Sunday, September 21, 2014
Virgil speaks much of bees ("little Romans" he calls them, for their diligence and loyalty) but says nothing at all about wasps-- which is a shame because their biography is at least as illustrious, and frankly more dramatic. I might write a treatise on bees but I would stage a drama about the wasp.
As summer slides into fall, tribes of husky bees flirt sedulously with the goldenrod and the dwindling vetch and yarrow, with the first surge of aster, in the strips and interstices along the East River. Buttery-banded bees, some almost milky, others orange-lacquered, displaying the hive's livery with brilliant abdominal intarsia.

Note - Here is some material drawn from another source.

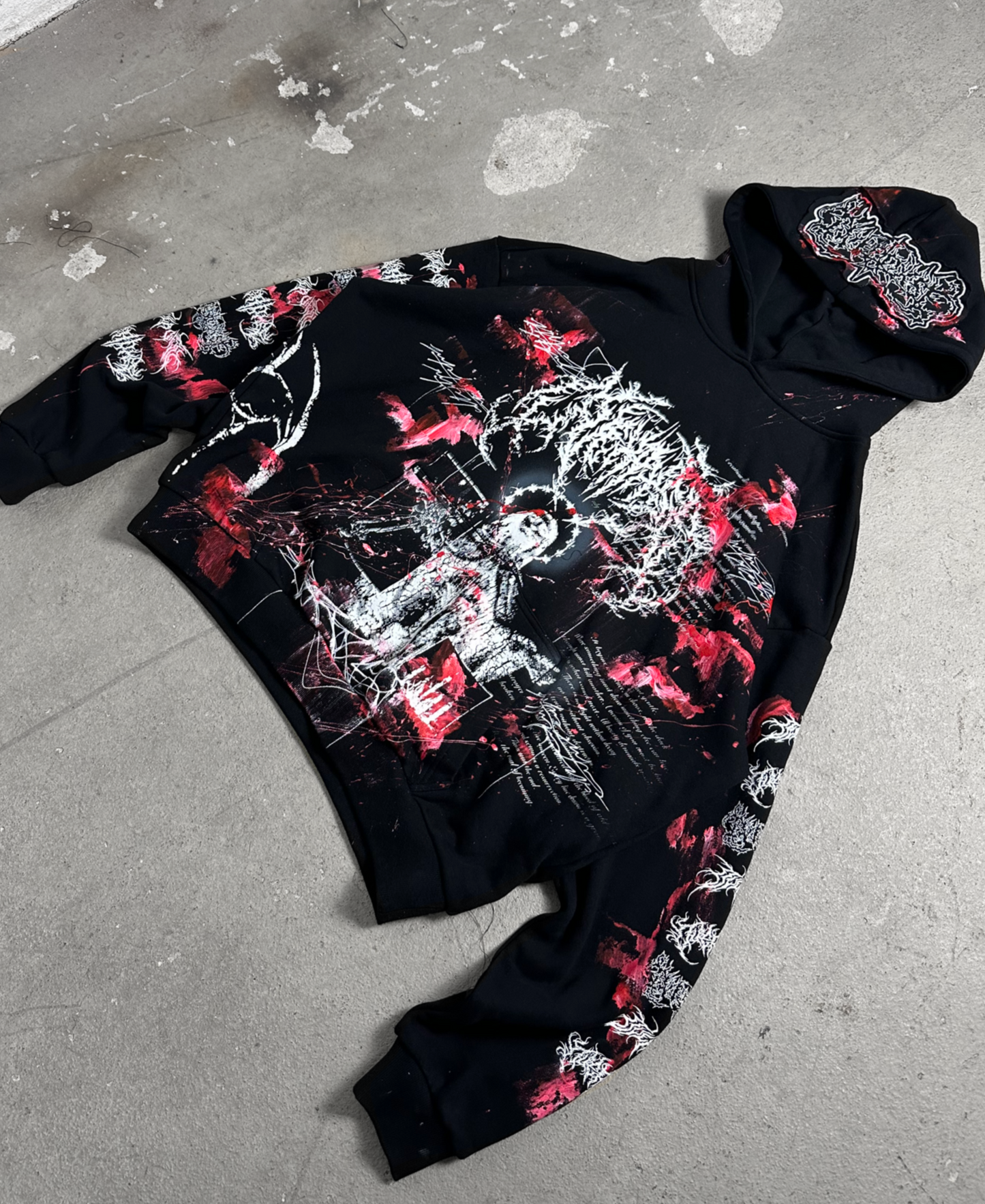 1of1 BLOODY OVERDXSE HOODIE size XXL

Now, over the bee-swarms, in looping caracoles sails the wasp: onyx and cobalt blur. An emissary from the distant blue, from across the wide water I think. Rebecca Solnit, in A Field Guide To Getting Lost, speaks of "the blue of distance," the "color of there seen from here, the color of where you are not." The wasp is a piece of that deep-blue distance bringing itself to me, self-embodied emotional longing made visible, a needle-slice of the far Faerie horizon detaching itself and flying right to my doorstep.
The wasp is a member of either the Chalybion or the Chlorion genus, a marauder whose daintily trailing legs and slender form belie the venom within. They hunt crickets, grasshoppers and katydids, paralyzing them in underground burrows as hosts for their larvae. (Annie Dillard's reflections in Pilgrim at Tinker Creek on the parasitical nature of wasps haunt me: "What if you were an inventor and you made ten percent of your inventions in such a way that they could only work by harassing, disfiguring, or totally destroying the other ninety percent? These things are not well enough known."). Faerie is no paradise.